What is the equation used to model the decay of charge Q on the capacitor using a technique known as iterative modelling

Answer 31

dtQ/dtT = - Q/CR

As follows

dtQ = (dtT/CR) x Q

Question 32

What’s the purpose of a simple rectifier circuit and what does the circuit consist of

Answer 32

The simple rectifier circuit changes an alternating input voltage to a smooth direct voltage.

The circuit consist of a diode, and a smoothing capacitor

Question 33

Without the capacitor how would the output voltage - time graph look like

Answer 33

The output voltage from the circuit would consist of positive cycles only. With the capacitor, the output voltage is smoothed out and becomes almost a direct voltage of constant value

Question 34

How can the ripple in the output voltage be kept small

Answer 34

By making the time constant of the circuit much greater than the period of the alternating voltage

Question 35

Why does the capacitor discharge when the battery is removed

Answer 35

Because there is nothing to maintain the potential difference between the plates, and the capacitor will discharge

Question 36

Difference between a capacitor and a battery

Answer 36

A capacitor:

• stores electrical energy
• stores less
• charge/discharge fast

A battery:

• stores chemical energy
• stores more
• charge/discharge slow

Question 37

How can you accelerate a charge

Answer 37

Accelerating a charge through a potential difference

An easy way to accelerate a charge is to allow it to move through a potential difference.

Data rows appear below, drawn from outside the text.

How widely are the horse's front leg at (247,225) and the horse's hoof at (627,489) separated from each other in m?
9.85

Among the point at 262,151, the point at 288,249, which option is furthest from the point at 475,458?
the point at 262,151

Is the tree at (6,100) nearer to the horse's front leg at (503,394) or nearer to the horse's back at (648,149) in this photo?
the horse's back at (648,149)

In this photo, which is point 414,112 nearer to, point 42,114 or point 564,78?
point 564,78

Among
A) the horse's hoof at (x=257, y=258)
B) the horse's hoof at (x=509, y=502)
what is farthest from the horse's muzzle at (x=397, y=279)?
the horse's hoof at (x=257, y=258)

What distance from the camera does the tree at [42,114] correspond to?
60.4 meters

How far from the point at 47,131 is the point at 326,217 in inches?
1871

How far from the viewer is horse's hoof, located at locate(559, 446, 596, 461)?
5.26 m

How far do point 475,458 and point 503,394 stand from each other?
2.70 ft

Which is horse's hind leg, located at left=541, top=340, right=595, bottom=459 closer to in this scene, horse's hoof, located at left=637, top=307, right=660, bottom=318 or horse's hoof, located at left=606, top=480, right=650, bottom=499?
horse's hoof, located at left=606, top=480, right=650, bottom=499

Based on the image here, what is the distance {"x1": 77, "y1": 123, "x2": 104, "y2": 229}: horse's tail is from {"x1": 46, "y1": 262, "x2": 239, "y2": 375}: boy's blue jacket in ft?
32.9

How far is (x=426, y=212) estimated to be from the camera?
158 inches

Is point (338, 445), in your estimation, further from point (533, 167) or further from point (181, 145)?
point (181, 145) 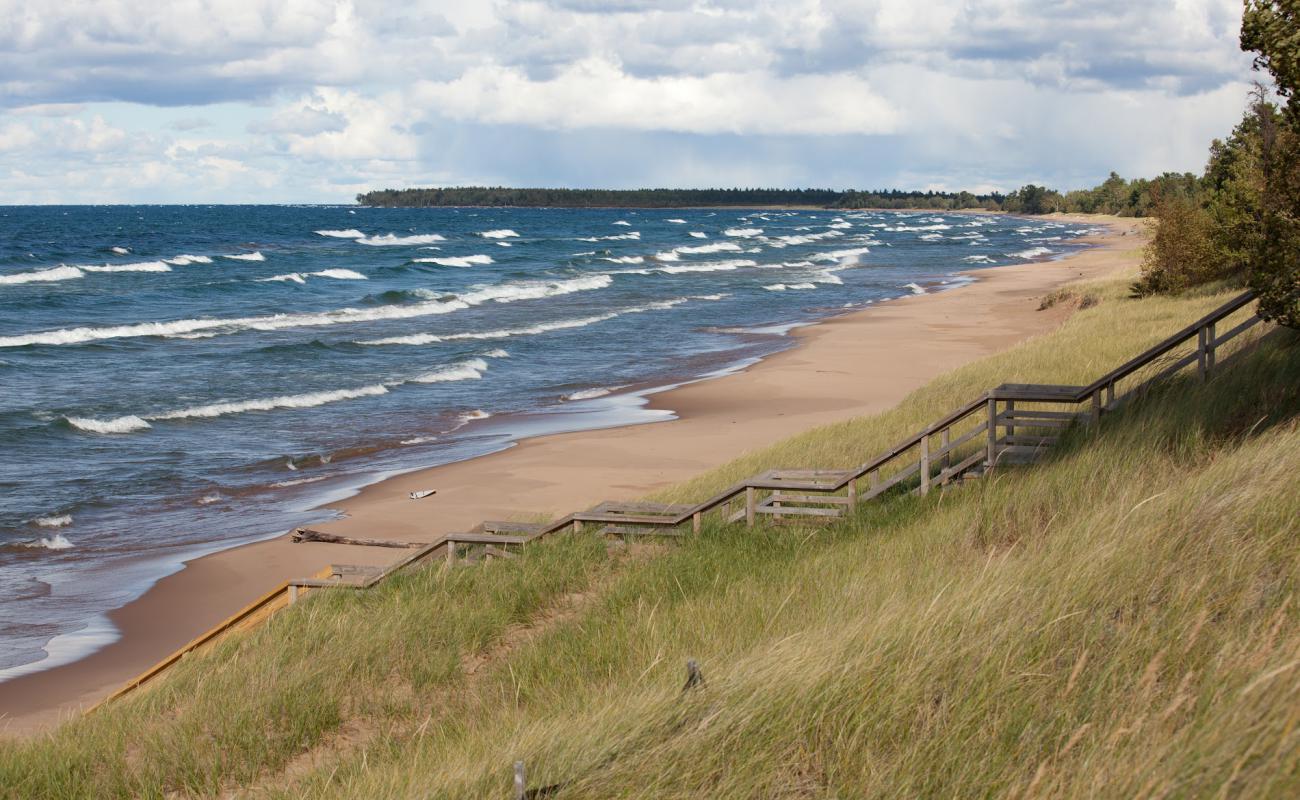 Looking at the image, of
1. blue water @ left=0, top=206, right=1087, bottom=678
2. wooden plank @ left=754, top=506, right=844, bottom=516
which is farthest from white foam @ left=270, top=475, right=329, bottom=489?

For instance, take a charge and place it inside a parallel-plate capacitor. We’ll assume the capacitor has a uniform field E, and a potential difference with a magnitude of:

ΔV| = Ed, where d is the plate separation.

A positive charge released from beside the positive plate will accelerate towards the negative plate. Cutting a hole in the negative plate allows it to escape. Similarly, a negative charge released from near the negative plate will accelerate across the gap and leave the parallel plates at high speed.